On Wednesday, April 17, 2002, at 02:58  PM, Allen Short wrote:
> i'm very excited about the possibilities goo presents; it's almost
> everything i've wanted from a language.
>
> my primary interest is in distributed and concurrent apps; hence, i've
> been quite interested in the disucssions of continuations and threads so
> far. I propose adding linear types to goo;
> [.....]

After an initial reading of that paper, I'm quite unconvinced that 
linear types as described there are a useful concept. As far as I can 
tell, the main argument for them is to make it impossible for one to be 
accessed by multiple threads. However, this is a _*great*_ cost in 
complexity for single-threaded programs. I can tell you right now I'd 
hate to use a language that makes me go through the hoops described in 
that paper. Even they admit its basically impossible to use without a 
GUI programming UI. What are the chances of that ever getting done in 
the near future? They poo-poo text-programming, but I haven't seen any 
indication that its going to go away any time soon. The rest of the 
arguments seem to me like they're basically premature optimizations 
exposed to the programmer.

However, I do believe that a similar concept, not applied to number of 
references, but rather, to number of *different threads that have 
references* is a great idea. In fact, I'm currently a proponent of the 
concept that objects should *always* be linear-with-respect-to-threads. 
That is, two threads cannot ever hold a reference to the same object 
[[at least, as far as they can tell]]. Make RPC the only method of 
communication, but make it very optimized. In my experience, when 
writing a threaded program, you pretty much need to work that way 
anyways if you're going to stay sane, but its just a lot easier to screw 
up and allow a reference to escape to another thread when you didn't 
intend to.

> Additionally, linear continuations have unique advantages; they allow
> continuations to be stack allocated (since they cannot be captured), and
> avoid the bad interactions shareable continuations have with
> unwind-protect and tail recursion (for a detailed discussion of this
> issue, see http://lists.tunes.org/archives/tunes/1999-August/002235.html
> ) while providing most of the control advantages of shareable
> continuations such as coroutines and microthreading.
>
> Of course, some applications require non-linear continuations;
> Queinnec-style use of continuations for web apps most notably, as well
> as prolog-style backtracking. My own feelings are that only allowing
> linear continuations is a sufficient tradeoff between expressitivity and
> clean semantics/efficient implementation.

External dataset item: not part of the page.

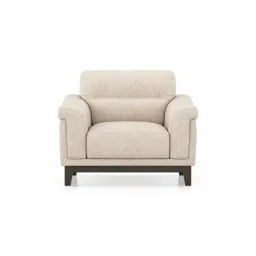 urban ladder Colby 1 seater Fabric Sofa in Beige image 2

Single-shot continuations have a lot going for them, but unless I'm 
missing something, being able to be stack-allocated is not one of them. 
However, every time I think about multi-callable continuations they seem 
like a worse idea. That message reminds me of my biggest objection: that 
functions can get put in normally-impossible states of execution. Even 
for web-applications it seems like a poor idea, as the state of the data 
is not copied, only the state of execution. The That's all well-and-good 
as long as you make sure not to ever modify program state or ever use 
non-functional operations in your app. If anything does, it could end up 
in serious trouble. That seems to me to be quite poor, and it makes me 
think that what you really want to have for web-applications is fork().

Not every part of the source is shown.